Peitho Volume 25 Issue 3, Spring 2023

Author(s): Terese Guinsatao Monberg and Jennifer Sano-Franchini

Terese Guinsatao Monberg  is a community-engaged teacher and scholar in rhetoric, writing, and literacy studies. She is an Associate Professor and Associate Dean of the Residential College of Arts and Humanities at Michigan State University. Through methodologies that look at spatial and temporal dimensions of community—dwelling, listening, and reciprocity—Dr. Monberg is interested in the ways communities use arts and humanities methods to write, revise, and sustain their rhetorical legacies and collective memory. Her research has been published in Representations: Doing Asian American Rhetoric; Reflections: A Journal of Community-Engaged Writing and Rhetoric; Enculturation: A Journal of Rhetoric, Writing, and Culture; and the Community Literacy Journal. She also published, as co-editor, Building a Community, Having a Home (with Jennifer Sano-Franchini and K. Hyoejin Yoon; 2017) and a special issue of Enculturation on transnational Asian American rhetoric (with Morris Young; 2018).

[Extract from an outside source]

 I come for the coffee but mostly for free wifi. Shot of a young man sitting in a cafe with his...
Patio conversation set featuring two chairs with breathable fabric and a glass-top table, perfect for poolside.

Jennifer Sano-Franchini is Gaziano Family Legacy Professor of Rhetoric and Writing and associate professor of English at West Virginia University. She researches cultural rhetorics approaches to technical communication and digital rhetoric, especially as pertinent to user experience design. She teaches courses on professional writing, visual rhetoric and document design, cultural rhetorics, Asian American rhetoric, and feminist interaction design. She has published articles in Composition Studies, Rhetoric Review, enculturation, College Composition and Communication, Open Words, and other journals and edited collections.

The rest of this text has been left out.